### WORK TO COMPLETE
No picture belongs in the answer, which must hold exactly the lines from the one with "Lux Decor Waterproof" through the final line below.

### INPUT
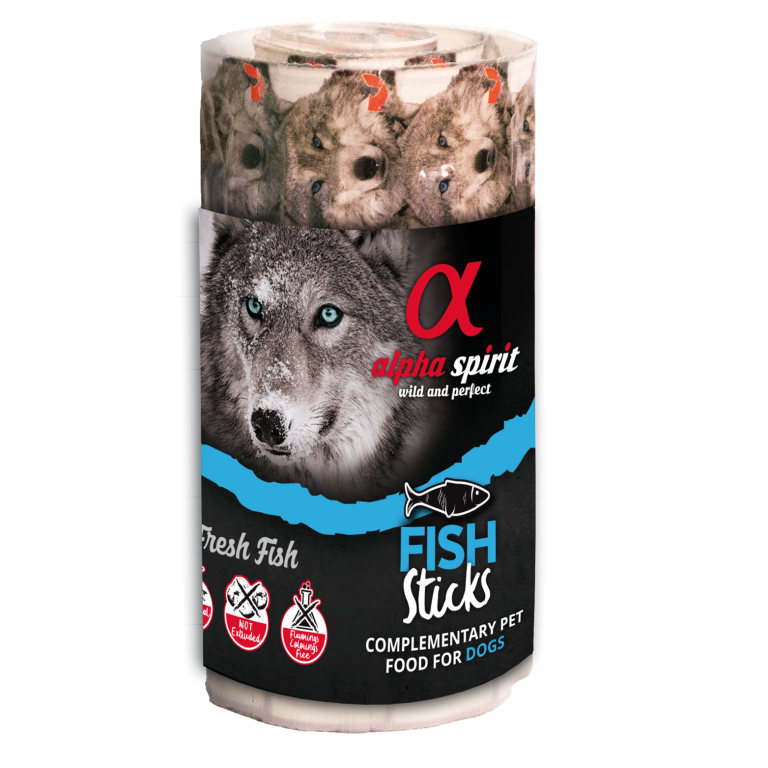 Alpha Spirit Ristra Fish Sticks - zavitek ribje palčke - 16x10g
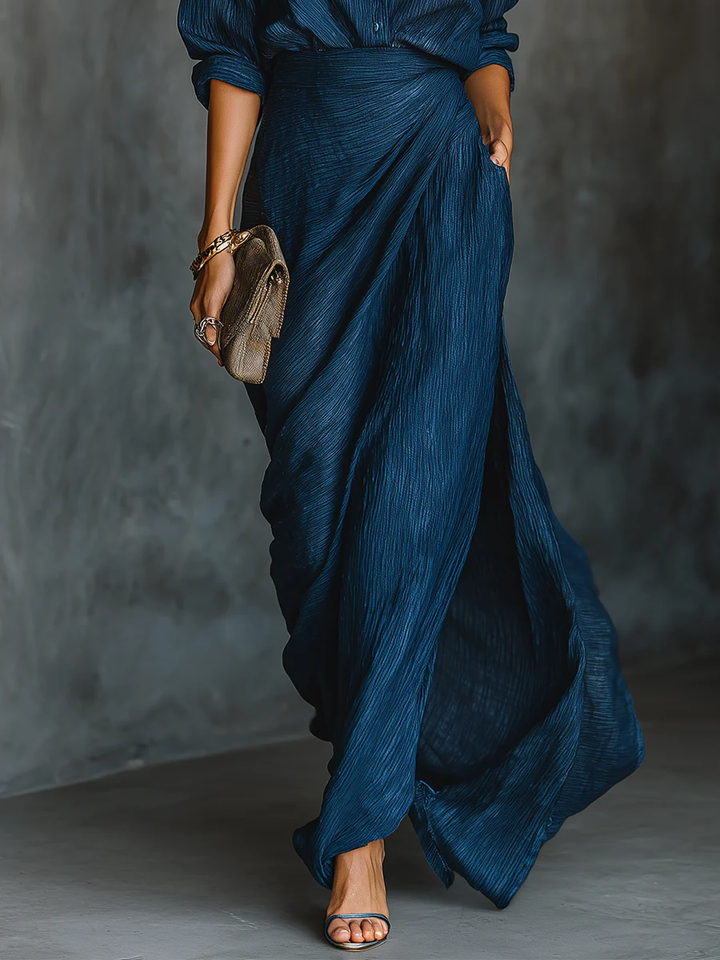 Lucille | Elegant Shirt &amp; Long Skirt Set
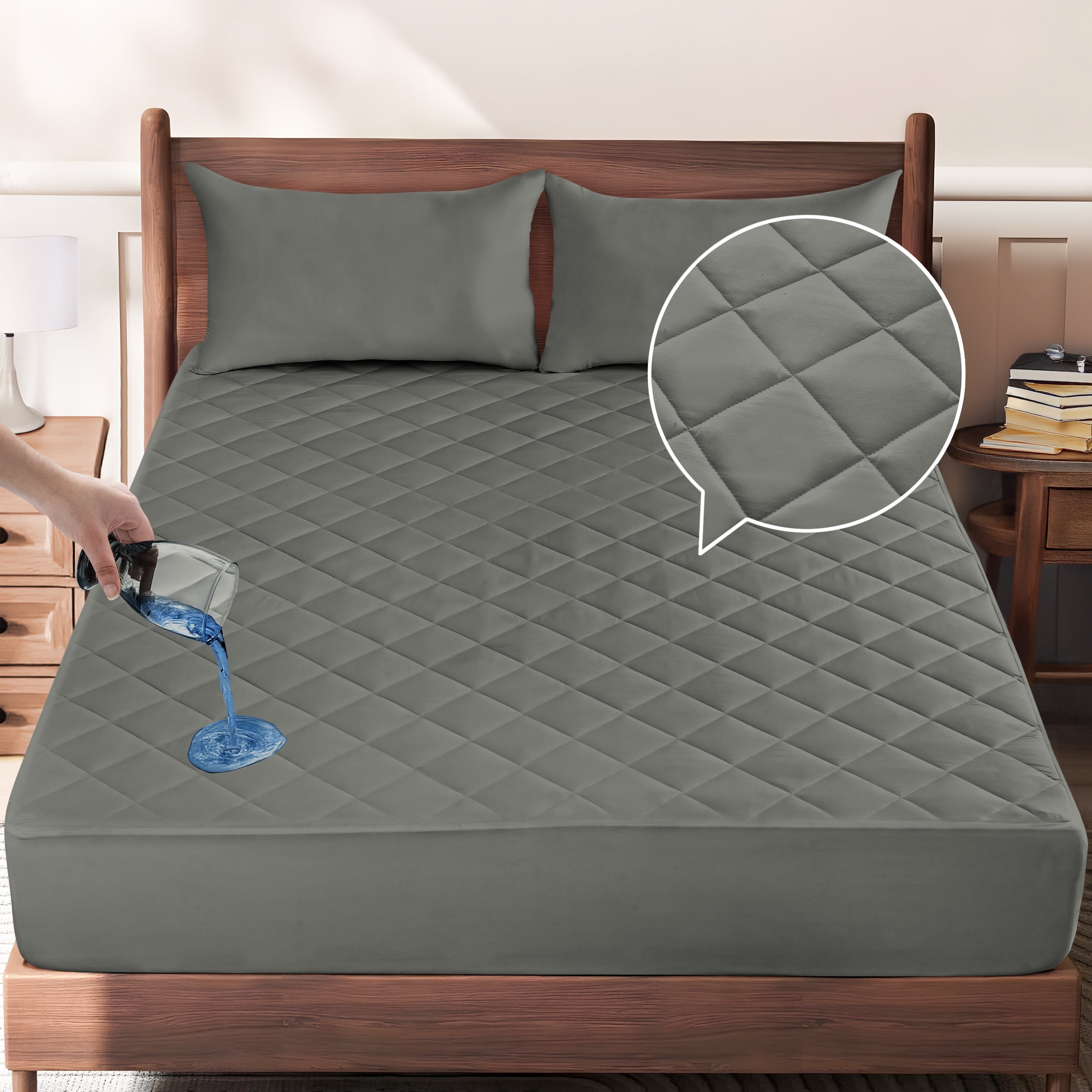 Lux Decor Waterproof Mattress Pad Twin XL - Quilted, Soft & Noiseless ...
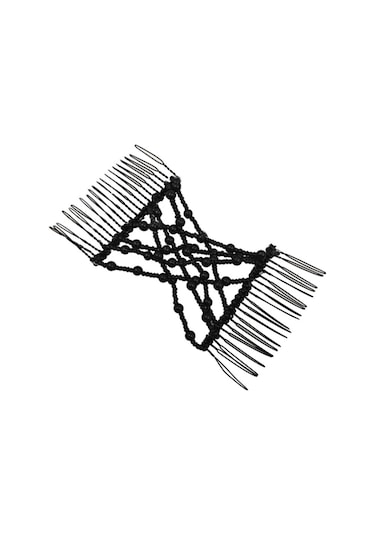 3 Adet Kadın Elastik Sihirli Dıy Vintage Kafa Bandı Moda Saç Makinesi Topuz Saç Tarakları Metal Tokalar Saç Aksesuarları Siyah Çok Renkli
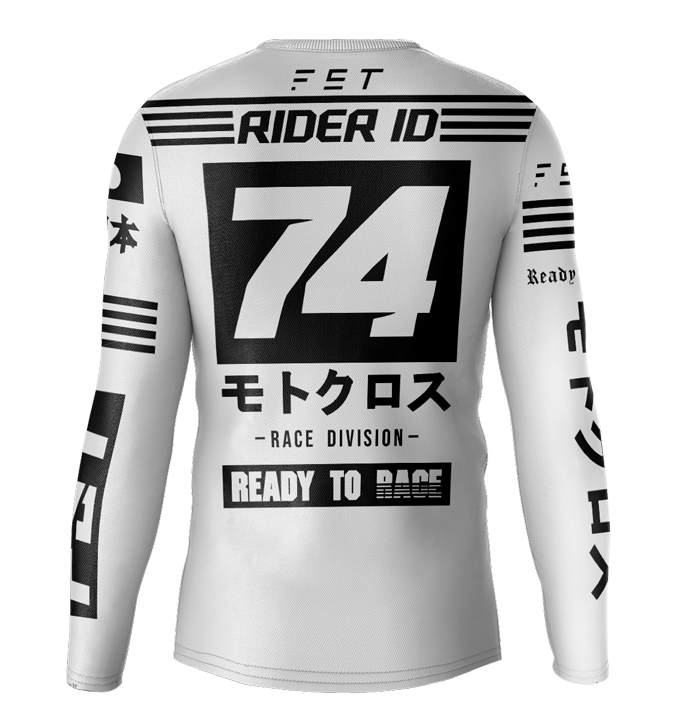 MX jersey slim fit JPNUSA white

### EXERCISE OUTPUT
 Lux Decor Waterproof Mattress Pad Twin XL - Quilted, Soft & Noiseless ...
 3 Adet Kadın Elastik Sihirli Dıy Vintage Kafa Bandı Moda Saç Makinesi Topuz Saç Tarakları Metal Tokalar Saç Aksesuarları Siyah Çok Renkli
 MX jersey slim fit JPNUSA white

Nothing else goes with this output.